His words echoed in the nocturnal air, unraveling intricacies that I didn't understand, as if all was supposed to be explained.

"Sire or born, you are unbound," the old man continued. "A First Blood, biologically distinct from the brethren, free to create and shape your lineage. Know your weaknesses—sunlight, silver, and faith. Know what you are—a First Blood, a vampire without sire or familia, tasked with ensuring the birth and life of not just the vampire race but their bloodline."

"Embrace your uniqueness, Joseph Augustin," the old man urged, fading into the shadows once more. "For you stand at the precipice of a symphony of shadows, where the nocturnal dance awaits your every step as a vampire."

As the old man faded, my mind cleared, the stick feeling dissolving, and the world around me shattered. And I was back, lying on the ground of an alley. Before I could piece together what had happened, I smelled it—gut-turning, stifling. I stopped breathing; I couldn't bear to smell it anymore. I pushed myself up, keeping my mouth shut and avoiding deep breaths. As I stood, my body felt weird—restricting, itchy skin, aching bones, screaming tendons, and tearing muscles.

Then it hit me like a car with no brakes. My body dropped as my stomach forcefully expelled everything. It didn't stop with lunch and breakfast; floods of red spewed out like a B-list horror movie. Even then, it didn't stop—green and yellow turned to red, and red changed to black. As I lay there, I had heard of people purging for detoxification, removing impurities, but lying next to the puddle, I could only think of how empty it left me. How inadequate those words felt.

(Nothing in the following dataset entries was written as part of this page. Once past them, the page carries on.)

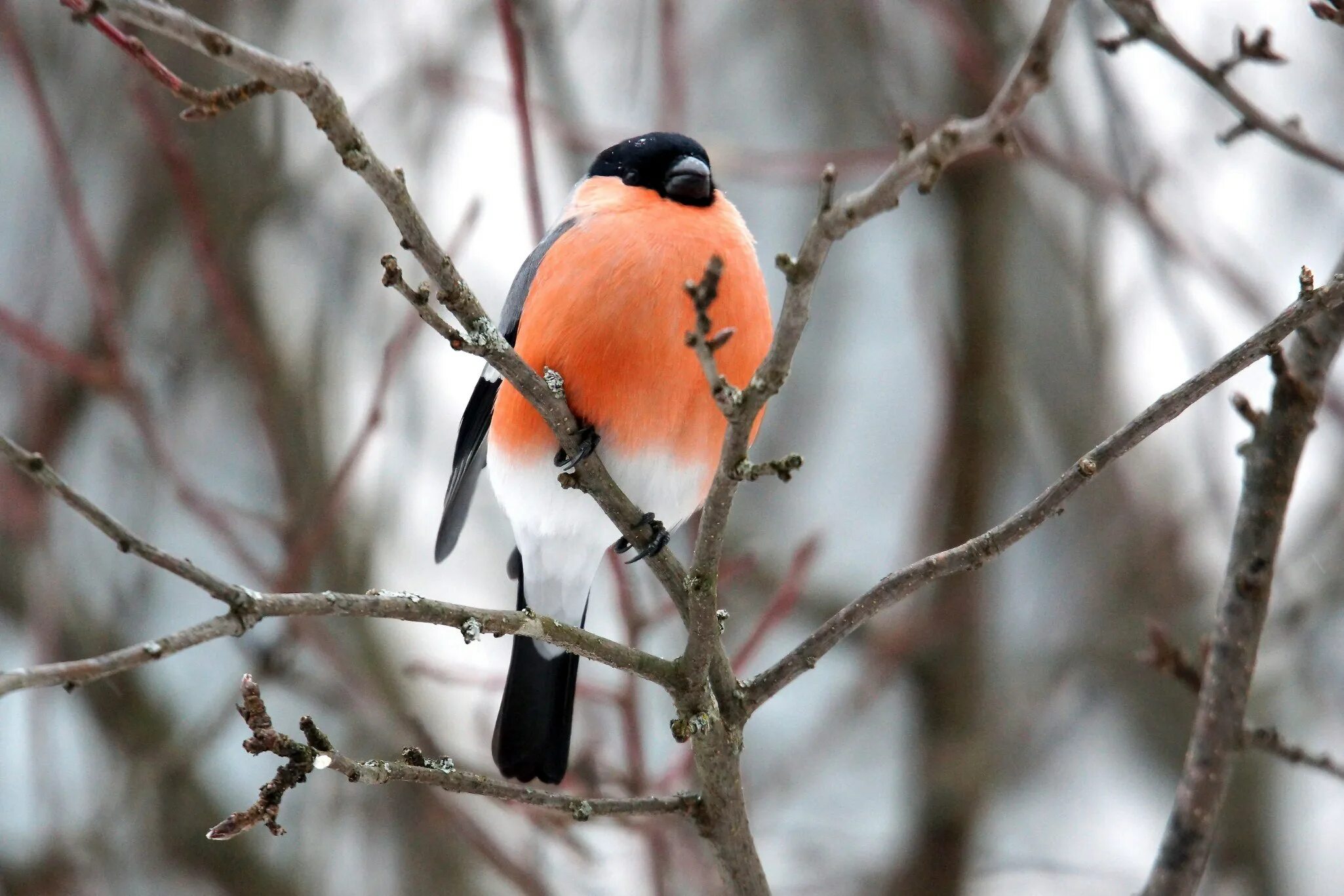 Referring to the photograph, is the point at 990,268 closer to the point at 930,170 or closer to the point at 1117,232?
the point at 1117,232

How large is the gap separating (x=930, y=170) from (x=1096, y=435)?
14.3ft

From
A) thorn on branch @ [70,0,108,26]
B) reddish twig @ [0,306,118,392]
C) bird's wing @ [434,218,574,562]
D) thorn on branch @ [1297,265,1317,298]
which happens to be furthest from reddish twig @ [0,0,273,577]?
thorn on branch @ [1297,265,1317,298]

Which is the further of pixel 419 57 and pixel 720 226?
pixel 419 57

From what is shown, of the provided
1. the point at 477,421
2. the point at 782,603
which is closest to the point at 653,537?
the point at 782,603

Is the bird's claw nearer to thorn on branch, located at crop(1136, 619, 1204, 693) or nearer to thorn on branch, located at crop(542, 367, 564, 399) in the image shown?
thorn on branch, located at crop(542, 367, 564, 399)

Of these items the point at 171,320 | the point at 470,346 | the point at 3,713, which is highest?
the point at 171,320

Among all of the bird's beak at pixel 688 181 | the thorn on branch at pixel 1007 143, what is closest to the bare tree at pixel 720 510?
the thorn on branch at pixel 1007 143

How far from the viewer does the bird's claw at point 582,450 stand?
2213 millimetres

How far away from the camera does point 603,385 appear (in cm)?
258

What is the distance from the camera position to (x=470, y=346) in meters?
1.75

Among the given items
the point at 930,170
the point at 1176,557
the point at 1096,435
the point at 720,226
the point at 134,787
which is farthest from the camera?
the point at 1096,435

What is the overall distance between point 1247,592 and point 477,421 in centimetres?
171

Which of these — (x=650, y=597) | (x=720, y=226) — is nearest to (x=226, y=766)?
(x=650, y=597)

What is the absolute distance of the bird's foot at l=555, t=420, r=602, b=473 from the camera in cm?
222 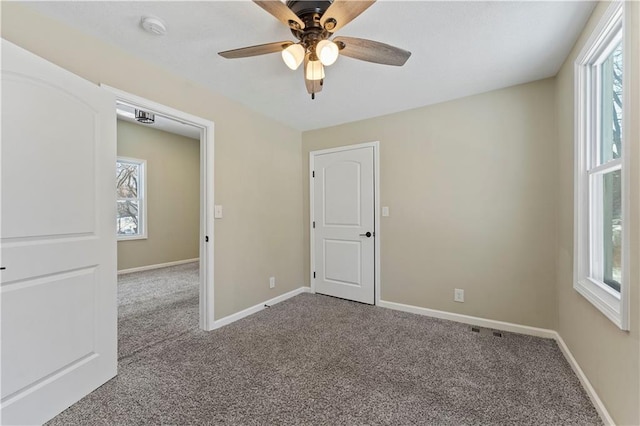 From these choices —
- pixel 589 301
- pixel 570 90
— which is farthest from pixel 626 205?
pixel 570 90

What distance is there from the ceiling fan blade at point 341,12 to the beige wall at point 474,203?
1.95 meters

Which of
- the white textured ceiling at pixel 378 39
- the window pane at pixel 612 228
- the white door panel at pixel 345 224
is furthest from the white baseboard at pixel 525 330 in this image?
the white textured ceiling at pixel 378 39

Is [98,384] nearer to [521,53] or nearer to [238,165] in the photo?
[238,165]

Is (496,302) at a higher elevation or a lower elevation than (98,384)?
higher

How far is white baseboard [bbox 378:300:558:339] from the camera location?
251 centimetres

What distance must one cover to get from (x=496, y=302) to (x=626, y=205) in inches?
65.3

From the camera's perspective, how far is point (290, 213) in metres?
3.79

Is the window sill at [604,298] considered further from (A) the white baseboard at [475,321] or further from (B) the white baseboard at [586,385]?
(A) the white baseboard at [475,321]

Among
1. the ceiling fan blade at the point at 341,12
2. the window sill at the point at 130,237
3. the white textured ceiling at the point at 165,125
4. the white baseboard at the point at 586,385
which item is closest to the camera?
the ceiling fan blade at the point at 341,12

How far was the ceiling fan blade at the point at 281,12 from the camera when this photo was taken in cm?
126

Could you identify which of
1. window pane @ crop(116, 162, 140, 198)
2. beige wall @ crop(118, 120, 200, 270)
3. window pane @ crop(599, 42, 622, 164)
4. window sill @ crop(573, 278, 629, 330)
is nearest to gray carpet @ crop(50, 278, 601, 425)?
window sill @ crop(573, 278, 629, 330)

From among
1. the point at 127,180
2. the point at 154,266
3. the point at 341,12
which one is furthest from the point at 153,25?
the point at 154,266

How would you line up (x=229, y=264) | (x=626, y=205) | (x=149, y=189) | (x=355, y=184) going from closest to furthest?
1. (x=626, y=205)
2. (x=229, y=264)
3. (x=355, y=184)
4. (x=149, y=189)

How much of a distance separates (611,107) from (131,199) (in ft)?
20.7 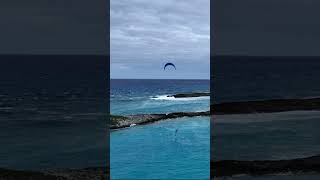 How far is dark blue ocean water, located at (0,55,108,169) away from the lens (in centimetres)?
2388

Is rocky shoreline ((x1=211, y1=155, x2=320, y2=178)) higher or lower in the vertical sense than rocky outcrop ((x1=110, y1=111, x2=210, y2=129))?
lower

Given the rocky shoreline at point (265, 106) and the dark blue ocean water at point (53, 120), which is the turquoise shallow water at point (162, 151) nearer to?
the dark blue ocean water at point (53, 120)

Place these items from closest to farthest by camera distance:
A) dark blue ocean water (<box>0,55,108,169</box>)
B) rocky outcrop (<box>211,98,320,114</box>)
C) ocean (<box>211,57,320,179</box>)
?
dark blue ocean water (<box>0,55,108,169</box>)
ocean (<box>211,57,320,179</box>)
rocky outcrop (<box>211,98,320,114</box>)

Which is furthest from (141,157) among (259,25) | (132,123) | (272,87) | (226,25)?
(272,87)

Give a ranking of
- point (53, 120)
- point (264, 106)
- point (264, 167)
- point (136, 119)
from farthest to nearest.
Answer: point (53, 120)
point (264, 106)
point (136, 119)
point (264, 167)

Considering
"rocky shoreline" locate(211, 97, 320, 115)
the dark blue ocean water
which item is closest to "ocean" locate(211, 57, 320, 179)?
"rocky shoreline" locate(211, 97, 320, 115)

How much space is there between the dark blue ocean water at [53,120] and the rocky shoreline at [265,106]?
9.09 metres

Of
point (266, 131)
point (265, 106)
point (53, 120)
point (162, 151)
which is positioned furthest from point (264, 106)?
point (53, 120)

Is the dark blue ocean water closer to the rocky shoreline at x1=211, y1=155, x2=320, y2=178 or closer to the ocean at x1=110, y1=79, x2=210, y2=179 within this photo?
the ocean at x1=110, y1=79, x2=210, y2=179

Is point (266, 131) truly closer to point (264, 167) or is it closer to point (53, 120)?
point (264, 167)

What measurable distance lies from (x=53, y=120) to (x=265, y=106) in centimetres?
1702

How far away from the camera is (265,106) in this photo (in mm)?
37562

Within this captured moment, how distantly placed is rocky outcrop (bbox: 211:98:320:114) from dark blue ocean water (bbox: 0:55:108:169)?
908 cm

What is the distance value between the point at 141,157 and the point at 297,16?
12.3 meters
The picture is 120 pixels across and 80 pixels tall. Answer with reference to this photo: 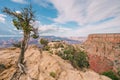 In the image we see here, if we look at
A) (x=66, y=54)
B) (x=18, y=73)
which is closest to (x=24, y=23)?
(x=18, y=73)

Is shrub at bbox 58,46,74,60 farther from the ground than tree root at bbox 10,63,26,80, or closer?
closer

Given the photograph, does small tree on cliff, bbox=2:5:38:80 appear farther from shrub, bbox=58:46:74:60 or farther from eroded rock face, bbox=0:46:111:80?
shrub, bbox=58:46:74:60

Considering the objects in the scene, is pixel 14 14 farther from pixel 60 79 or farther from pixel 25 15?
pixel 60 79

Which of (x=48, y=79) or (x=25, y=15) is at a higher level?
(x=25, y=15)

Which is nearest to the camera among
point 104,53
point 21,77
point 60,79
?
point 21,77

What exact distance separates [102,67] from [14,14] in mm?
141161

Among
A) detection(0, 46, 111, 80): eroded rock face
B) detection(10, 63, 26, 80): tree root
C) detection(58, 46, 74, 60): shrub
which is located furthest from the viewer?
detection(58, 46, 74, 60): shrub

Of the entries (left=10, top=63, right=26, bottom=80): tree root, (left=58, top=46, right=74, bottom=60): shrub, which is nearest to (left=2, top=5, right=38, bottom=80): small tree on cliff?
(left=10, top=63, right=26, bottom=80): tree root

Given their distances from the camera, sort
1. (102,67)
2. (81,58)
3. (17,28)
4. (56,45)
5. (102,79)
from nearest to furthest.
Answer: (17,28) < (102,79) < (81,58) < (56,45) < (102,67)

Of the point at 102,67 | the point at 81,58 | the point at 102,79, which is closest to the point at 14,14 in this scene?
the point at 102,79

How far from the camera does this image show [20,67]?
109 feet

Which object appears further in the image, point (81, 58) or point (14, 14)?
point (81, 58)

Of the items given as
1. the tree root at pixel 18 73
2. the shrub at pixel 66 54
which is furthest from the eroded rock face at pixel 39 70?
the shrub at pixel 66 54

As I lay there, I felt empty, drained of everything. Then I saw it—the pool of refuse slowly boiling and evaporating.

"That's not good."

Those words were a mistake. After speaking, I tried to breathe, and the stench hit me. It was as if the sewers had spilled into the streets and then lit on fire. The smell alone forced me to my feet and out of the alley. I could recall everything—the old man, his words, the sword impaling me—but in all honesty, I couldn't care. I was tired, so tired, but I was also hungry. I couldn't focus, and I was barely able to walk, but I did, and I kept walking, forcing my legs to move, taking each step one at a time. The moon was still up in the bleached night sky, but it was falling quickly, and the rays of the sun were peeking over the horizon by the time I entered my apartment. Once inside, I shuffled towards my room and slumped out of my clothes and into bed. These sheets would have to be thrown away, but I didn't care.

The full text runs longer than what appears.